I'd watch it, because some shit would be likely to get blown up real good...
But I was rereading Ellis' Authority run the other day, and it struck me then as it hadn't when I was a kid--it really isn't all that good. The characters are jerks, of course--but in retrospect the jerky dialogue often isn't even that witty. It doesn't help that every character's voice sounds like, well, Warren Ellis.
Only the Sliding Albion story had any real meat to it, with a decent, intriguing monster of a villain who has some plausible motivation and an interestingly dastardly plan. Kaizen Gammorah was okay, but nothing special, and basically admits to having no real motivation, and "God" was probably one the most underwhelming antagonists in comic book history, being basically a slightly badder-ass version of the Justice League's Starro. And, hell, Grant Morrison had, iirc, already done Starro in his JLA run by this point. Tellingly, in that two-part tale of an alien invasion by a goofy-looking cosmozoan, Morrison did not focus on Starro.

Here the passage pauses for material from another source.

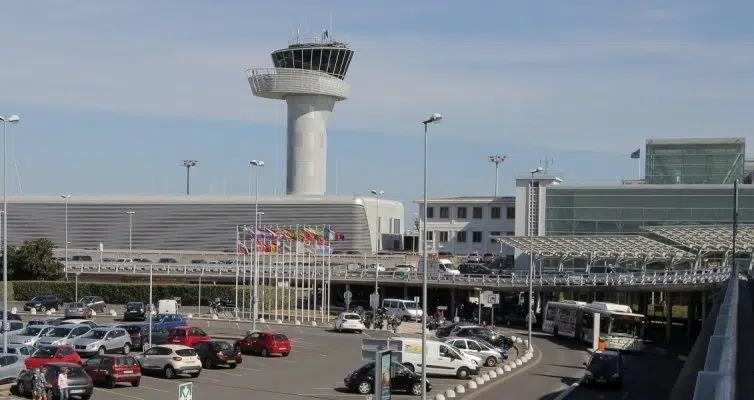 Aéroport de Bordeaux : nouveau parking, nouveaux tarifs !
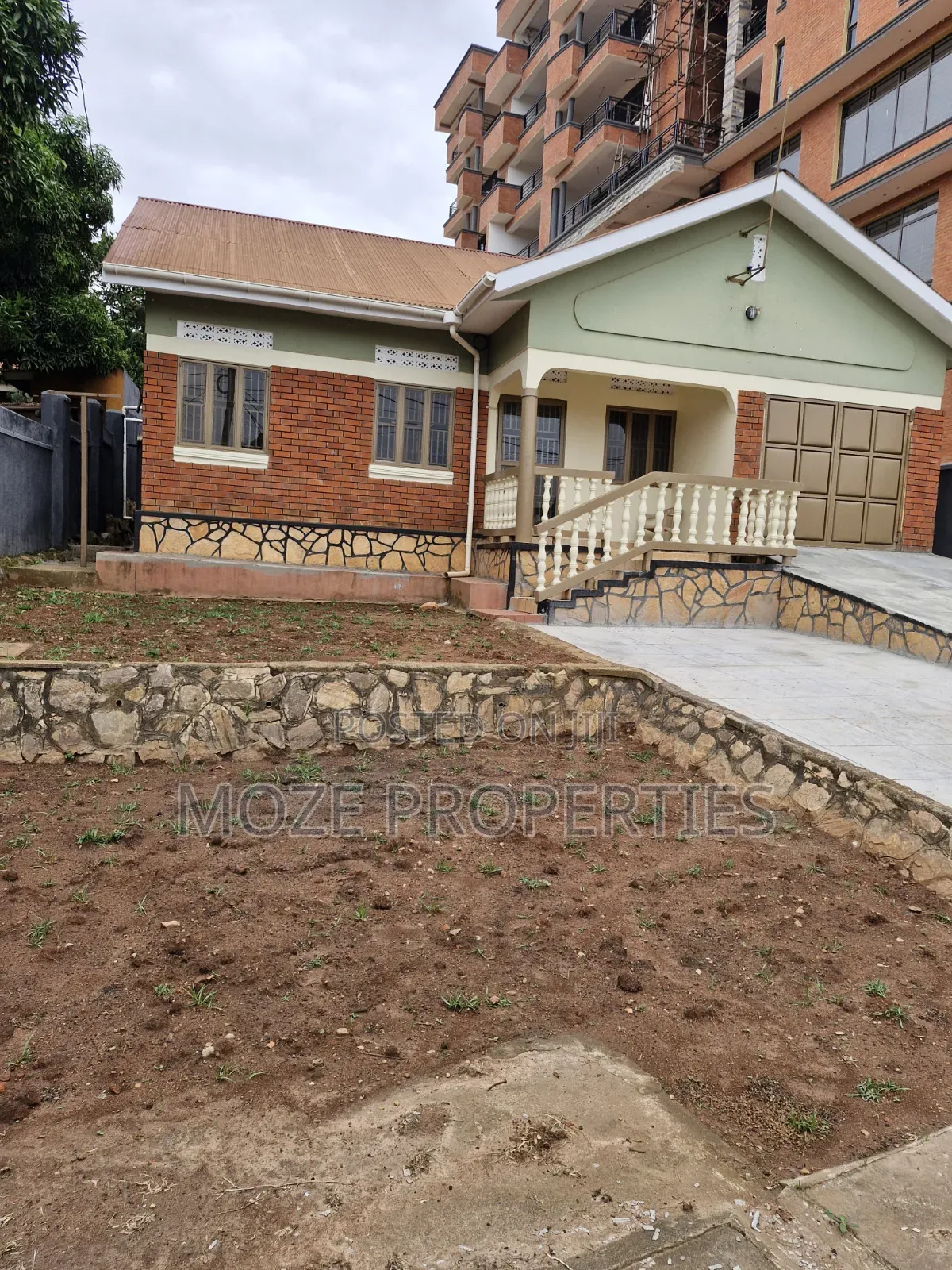 3bdrm Bungalow in Kyaliwajala Center., Central Division for rent in Central Division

But the Sliding Albion arc was the one where there's a bit where the Doctor (presumably) kills like thirty or forty million civilians on Earth-Blue's Italy, basically as an act of terrorism--after the main villain has already been cut in half in a confusing, weird panel by the usually great Bryan Hitch.
I know the Authority are assholes, but that seemed a bit over-the-top even for them, particularly when nobody even comments negatively on the mass murder that didn't have a particularly pressing rationale behind it. Sure, the Engineer vaguely complains, but it's more along the lines of "wow, did we have the right to remake this planet's society?" Well, sure you did, but the tactics you chose probably resulted in about one million times as many deaths as necessary.
Again, this was the good story.
As an aside, the comic probably should've been called The Carrier, inasmuch as the Authority solved most of their problems with their ship.
The Millar/Quitely run, of course, was just plain ugly.